APPLICATION OF SPLINE FUNCTIONS AND WALSH FUNCTIONS IN PROBLEMS OF PARAMETRIC IDENTIFICATION OF LINEAR NONSTATIONARY SYSTEMS
Context. In this article, a generalized parametric identification procedure for linear nonstationary systems is proposed, which uses spline functions and orthogonal expansion in a series according to the Walsh function system, which makes it possible to find estimates of the desired parameters by minimizing the integral quadratic criterion of discrepancy based on solving a system of linear algebraic equations for a wide class of linear dynamical systems. The accuracy of parameter estimation is ensured by constructing a spline with a given accuracy and choosing the number of terms of the Walsh series expansion when solving systems of linear algebraic equations by the A. N. Tikhonov regularization method. To improve the accuracy of the assessment, an algorithm for adaptive partitioning of the observation interval is proposed. The partitioning criterion is the weighted square of the discrepancy between the state variables of the control object and the state variables of the model. The choice of the number of terms of the expansion into the Walsh series is carried out on the basis of adaptive approximation of non-stationary parameters in the observation interval, based on the specified accuracy of their estimates. The quality of the management of objects with variable parameters is largely determined by the accuracy of the evaluation of their parameters. Hence, obtaining reliable information about the actual nature of parameter changes is undoubtedly an urgent task.

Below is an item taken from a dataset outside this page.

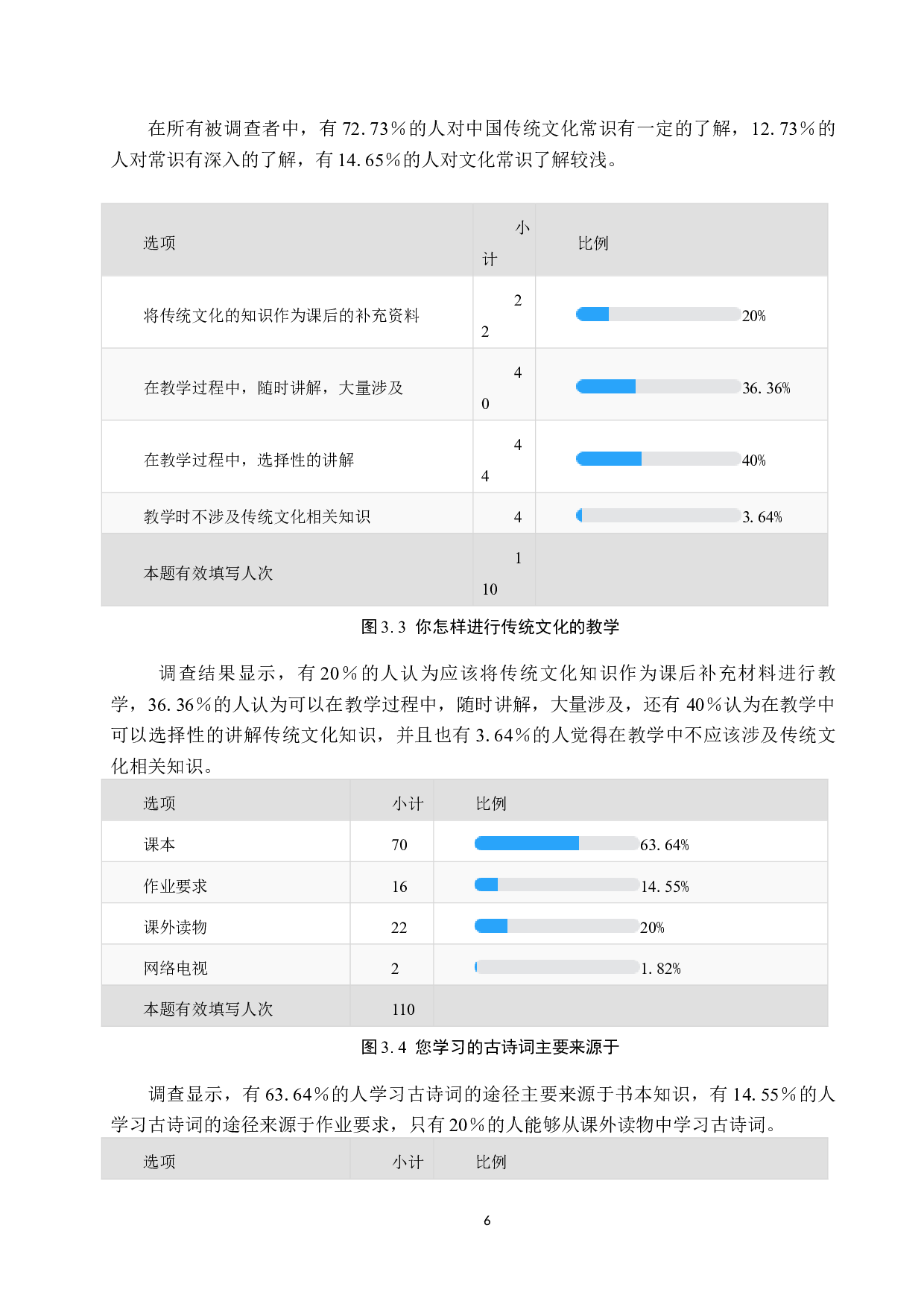 论古诗词教学对小学生传统文化审美能力的培养-13141字.docx 第9页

Objective. Improving the accuracy of parameter estimation of a wide class of linear dynamical systems through the joint use of spline functions and Walsh functions.
Method. A generalized parametric identification procedure for a wide class of linear dynamical systems is proposed. The choice of the number of terms of the expansion into the Walsh series is made on the basis of the proposed algorithm for adaptive partitioning of the observation interval.
Results. The results of modeling of specific linear non-stationary systems confirm the effectiveness of using the proposed approaches to estimating non-stationary parameters.
Conclusions. The joint use of spline functions and Walsh functions makes it possible, based on the proposed generalized parametric identification procedure, to obtain analytically estimated parameters, which is very convenient for subsequent use in the synthesis of optimal controls of real technical objects. This procedure is applicable to a wide class of linear dynamical systems with concentrated and distributed parameters.